Difference Between Male & Female Bald Eagles

By Molly Cramer

Bald eagles are a majestic and beautiful species of bird, but not many people know much about them other than being a symbol of national pride. Bald eagles have many different unique adaptations to survive and interesting physical characteristics, but do you know how to tell male and female eagles apart? Differentiating between male and female bald eagles can be a difficult undertaking because neither has any immediately obvious telltale gender markings. There are, however, multiple telling, albeit subtle, differences.

Bay Watch
A pair of bald eagles.
credit: Doug Lloyd/iStock/Getty Images


Bald Eagle Profile
Female bald eagles are larger.
credit: Peter Finnie/iStock/Getty Images

According to the University of Saskatchewan, female bald eagles are larger than their male counterparts by roughly a third in size.
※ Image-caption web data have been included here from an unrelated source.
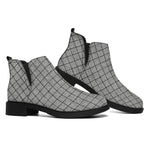 Grey Windowpane Pattern Print Flat Ankle Boots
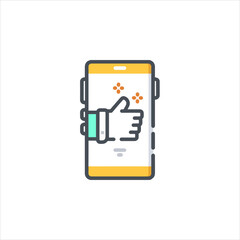 Smartphone displaying thumbs up symbol for approval, suggesting positive feedback and successful online interaction, conveying a sense of satisfaction and agreement.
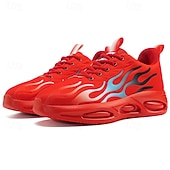 abordables Chaussures de Course pour Hommes-Homme Basket Course Marche Occasionnel Tricoté Confortable Antidérapant Respirant À lacets Noir Blanche Rouge Été Printemps Automne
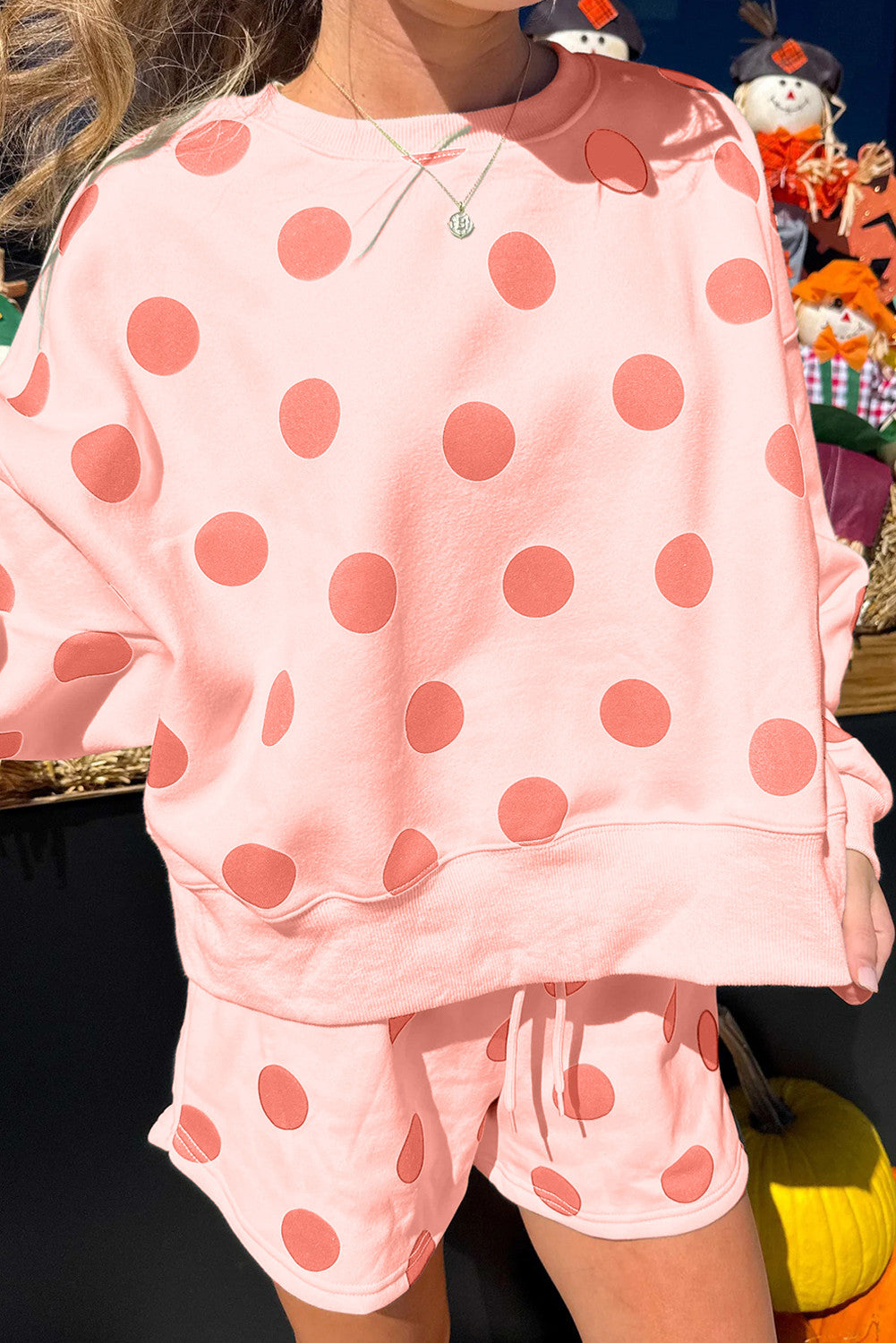 Light Pink Polka Dot Shorts Set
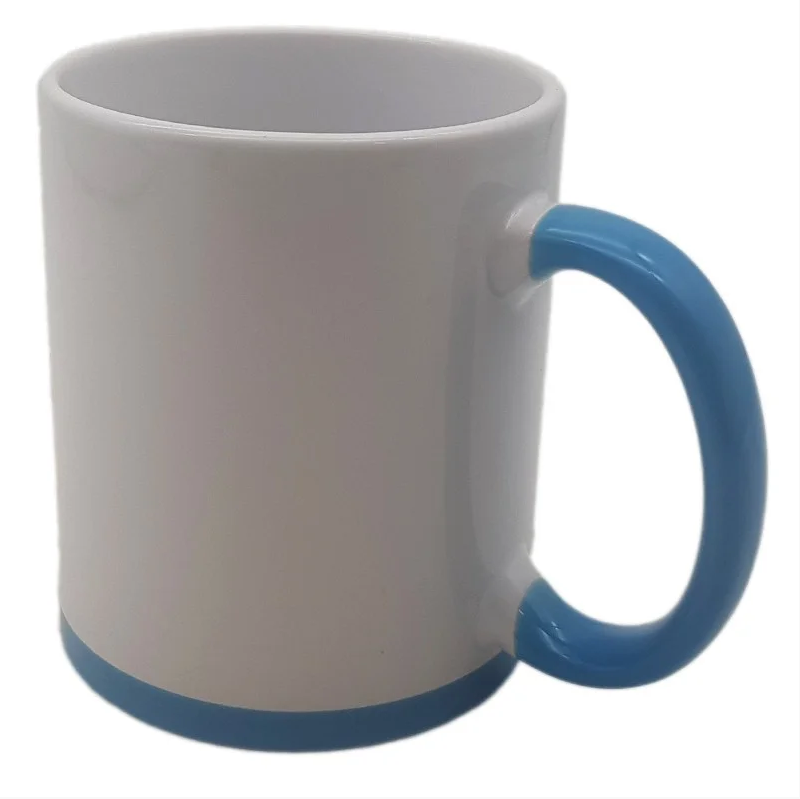 325ml White Ceramic Mug with Light Blue Handle and Base for Sublimation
Females tend to have a body length of 35 to 37 inches, while males tend to be 30 to 34 inches long.

Talon Length

American Bald Eagle
Both eagles have four talons.
credit: Michael Roberts/iStock/Getty Images

Another method recommended by Journey North, a bald eagle education initiative, is to look at the length of the talons, or toe claws. Both male and female eagles have four talons–three in front and one in back. The back-facing talon or hallux tends to be longer on female bald eagles.

Beak Depth

Adult Bald Eagle close up
The males typically have shorter beaks.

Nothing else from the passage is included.